• Problem details
Count the lines below that contain "Used". Give only the number.

Data provided START

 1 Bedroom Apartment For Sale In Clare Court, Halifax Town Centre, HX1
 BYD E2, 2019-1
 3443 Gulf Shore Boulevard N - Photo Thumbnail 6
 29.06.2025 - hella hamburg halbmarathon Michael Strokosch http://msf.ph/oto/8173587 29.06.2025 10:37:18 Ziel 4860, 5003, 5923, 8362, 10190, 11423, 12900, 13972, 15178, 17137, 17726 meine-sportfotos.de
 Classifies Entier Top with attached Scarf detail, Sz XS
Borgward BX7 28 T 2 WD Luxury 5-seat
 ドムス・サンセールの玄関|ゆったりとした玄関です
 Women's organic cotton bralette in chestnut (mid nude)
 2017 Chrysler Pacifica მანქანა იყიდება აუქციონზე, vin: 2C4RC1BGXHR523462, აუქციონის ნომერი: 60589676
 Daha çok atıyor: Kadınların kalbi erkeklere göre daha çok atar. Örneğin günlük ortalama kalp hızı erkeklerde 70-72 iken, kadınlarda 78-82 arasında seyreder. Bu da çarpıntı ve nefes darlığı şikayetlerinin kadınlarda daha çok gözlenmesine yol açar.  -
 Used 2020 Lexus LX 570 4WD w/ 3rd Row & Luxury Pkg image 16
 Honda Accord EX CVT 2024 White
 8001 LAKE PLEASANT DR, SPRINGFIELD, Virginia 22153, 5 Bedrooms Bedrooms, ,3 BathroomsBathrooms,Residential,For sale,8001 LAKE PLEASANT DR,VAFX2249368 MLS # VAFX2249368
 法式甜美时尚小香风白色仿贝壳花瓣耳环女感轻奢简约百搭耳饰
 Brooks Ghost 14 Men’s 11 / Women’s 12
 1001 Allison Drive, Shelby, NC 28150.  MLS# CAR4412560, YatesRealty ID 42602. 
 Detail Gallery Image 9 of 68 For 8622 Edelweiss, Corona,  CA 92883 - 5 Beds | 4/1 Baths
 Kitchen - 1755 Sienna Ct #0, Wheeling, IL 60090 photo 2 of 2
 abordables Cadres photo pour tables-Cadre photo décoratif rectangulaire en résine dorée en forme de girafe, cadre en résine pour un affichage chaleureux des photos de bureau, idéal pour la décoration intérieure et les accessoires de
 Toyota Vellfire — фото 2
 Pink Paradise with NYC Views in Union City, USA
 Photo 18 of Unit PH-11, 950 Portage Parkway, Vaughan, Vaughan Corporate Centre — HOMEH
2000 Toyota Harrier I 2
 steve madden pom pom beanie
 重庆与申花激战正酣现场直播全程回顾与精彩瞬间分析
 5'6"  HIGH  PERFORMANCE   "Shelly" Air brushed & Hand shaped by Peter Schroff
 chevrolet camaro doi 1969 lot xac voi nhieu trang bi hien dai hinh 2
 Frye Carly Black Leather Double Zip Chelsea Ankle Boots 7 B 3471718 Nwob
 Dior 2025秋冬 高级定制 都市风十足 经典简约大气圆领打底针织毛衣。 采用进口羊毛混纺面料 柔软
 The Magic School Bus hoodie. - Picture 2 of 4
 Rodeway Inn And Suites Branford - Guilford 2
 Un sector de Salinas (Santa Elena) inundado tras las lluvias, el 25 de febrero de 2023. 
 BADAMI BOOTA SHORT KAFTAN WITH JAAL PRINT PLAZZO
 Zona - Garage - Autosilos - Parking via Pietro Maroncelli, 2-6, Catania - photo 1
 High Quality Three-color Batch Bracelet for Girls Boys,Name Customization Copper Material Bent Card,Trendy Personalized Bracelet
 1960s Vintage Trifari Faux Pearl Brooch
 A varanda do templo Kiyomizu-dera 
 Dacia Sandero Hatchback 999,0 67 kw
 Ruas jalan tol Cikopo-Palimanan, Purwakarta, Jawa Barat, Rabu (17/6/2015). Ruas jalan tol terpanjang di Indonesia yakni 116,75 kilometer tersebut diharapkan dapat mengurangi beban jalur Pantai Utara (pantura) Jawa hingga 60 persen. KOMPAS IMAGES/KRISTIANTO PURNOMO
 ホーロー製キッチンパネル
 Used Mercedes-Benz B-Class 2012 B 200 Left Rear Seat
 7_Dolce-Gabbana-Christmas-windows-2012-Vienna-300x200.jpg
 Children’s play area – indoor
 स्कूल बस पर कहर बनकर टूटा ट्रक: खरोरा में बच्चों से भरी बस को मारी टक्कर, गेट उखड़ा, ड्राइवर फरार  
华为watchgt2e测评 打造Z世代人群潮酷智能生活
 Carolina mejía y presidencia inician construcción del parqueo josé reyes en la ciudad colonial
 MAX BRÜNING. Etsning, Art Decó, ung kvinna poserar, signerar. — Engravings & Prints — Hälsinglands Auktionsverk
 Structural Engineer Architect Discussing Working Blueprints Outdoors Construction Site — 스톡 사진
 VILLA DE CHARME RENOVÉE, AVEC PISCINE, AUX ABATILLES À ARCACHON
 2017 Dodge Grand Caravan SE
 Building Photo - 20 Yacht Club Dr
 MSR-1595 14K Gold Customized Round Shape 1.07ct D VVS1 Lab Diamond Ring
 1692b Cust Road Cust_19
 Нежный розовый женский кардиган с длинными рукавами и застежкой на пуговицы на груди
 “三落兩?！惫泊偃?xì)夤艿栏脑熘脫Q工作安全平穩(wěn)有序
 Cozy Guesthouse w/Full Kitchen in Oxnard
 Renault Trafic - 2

Data provided END

• Reply
2